> **Provided data**
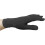 20 Stück Fingerhüllen, Sport-Daumenschutz 5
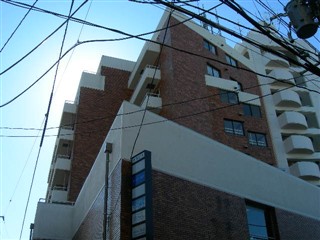 「茅ヶ崎」駅歩2分！｜コンフォール茅ヶ崎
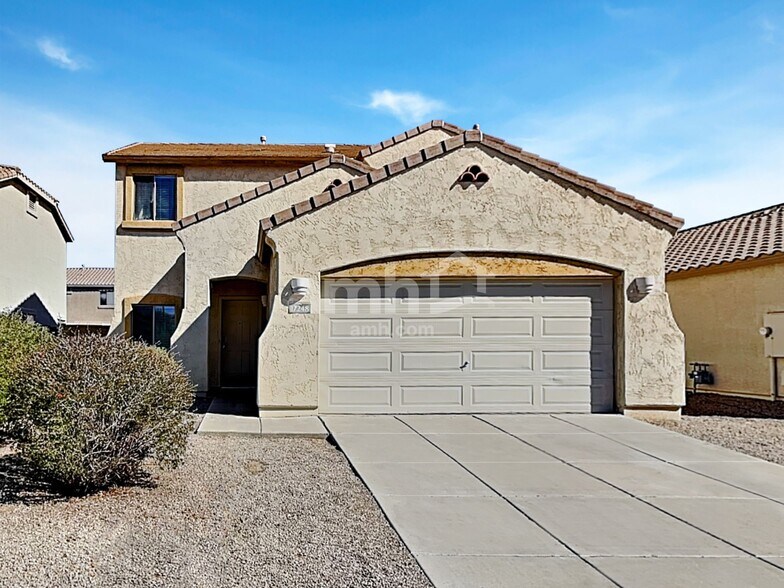 Primary Photo - 17248 W Marshall Ln
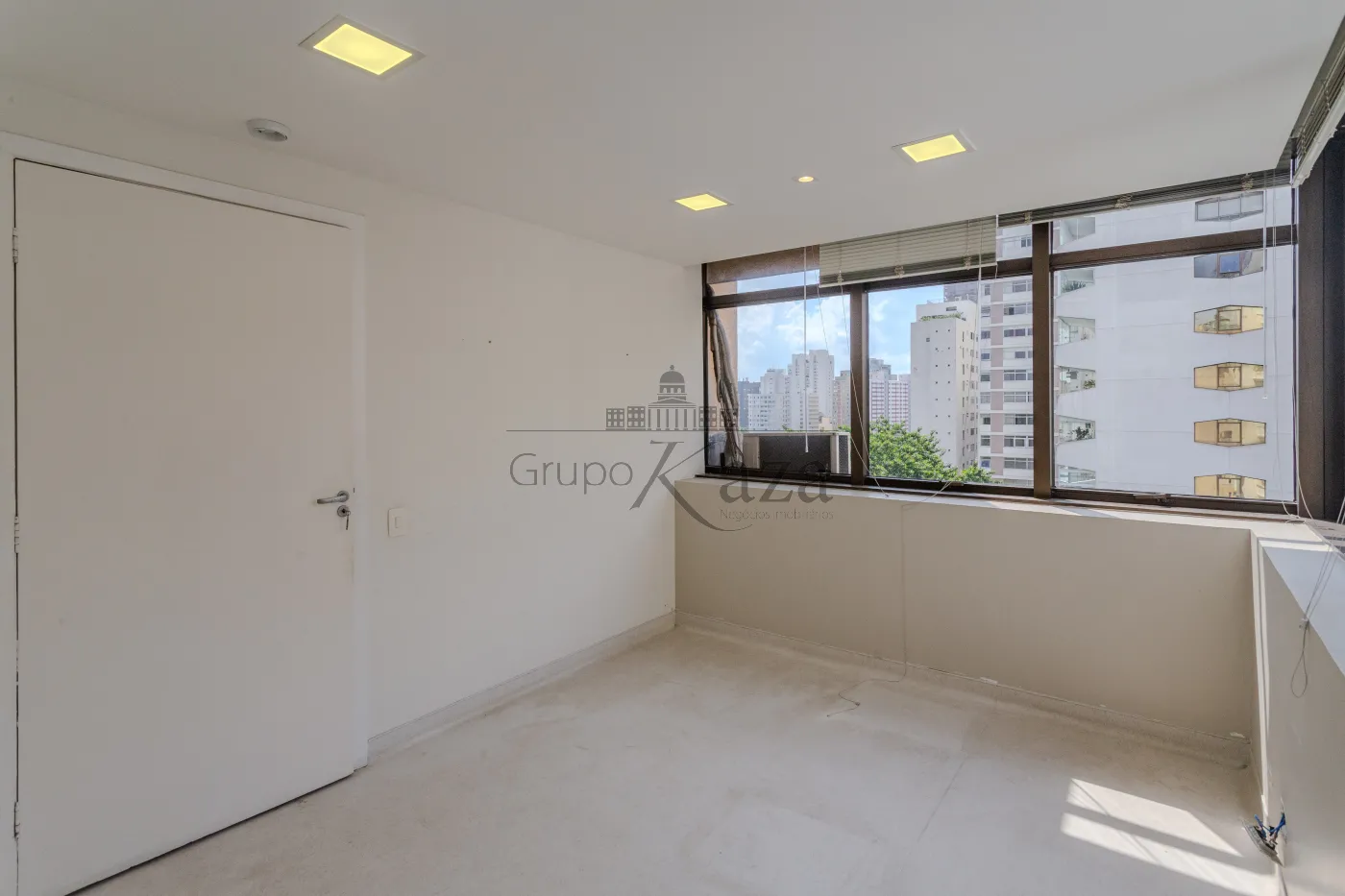 Foto 19 de Comercial Conjunto Comercial em Jardim América, São Paulo - imagem 19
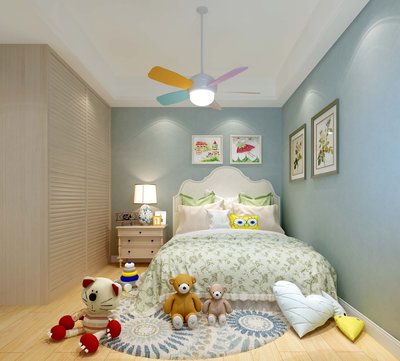 t0121daf4067e4bfc94.jpg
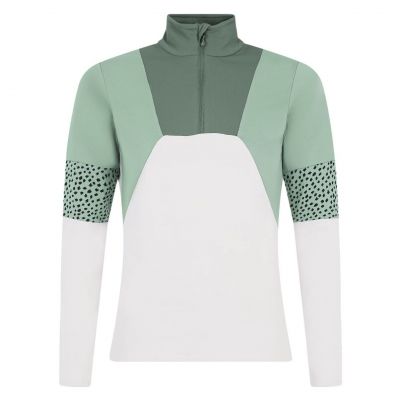 Bluza narciarska damska Protest Prtmorph 3610644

> **Requirement**
The lines from the one containing "t0121daf4067e4bfc94.jpg" through the end of the data above are to be copied exactly, both ends included, and pictures are to be omitted.

> **Output for this exercise**
 t0121daf4067e4bfc94.jpg
 Bluza narciarska damska Protest Prtmorph 3610644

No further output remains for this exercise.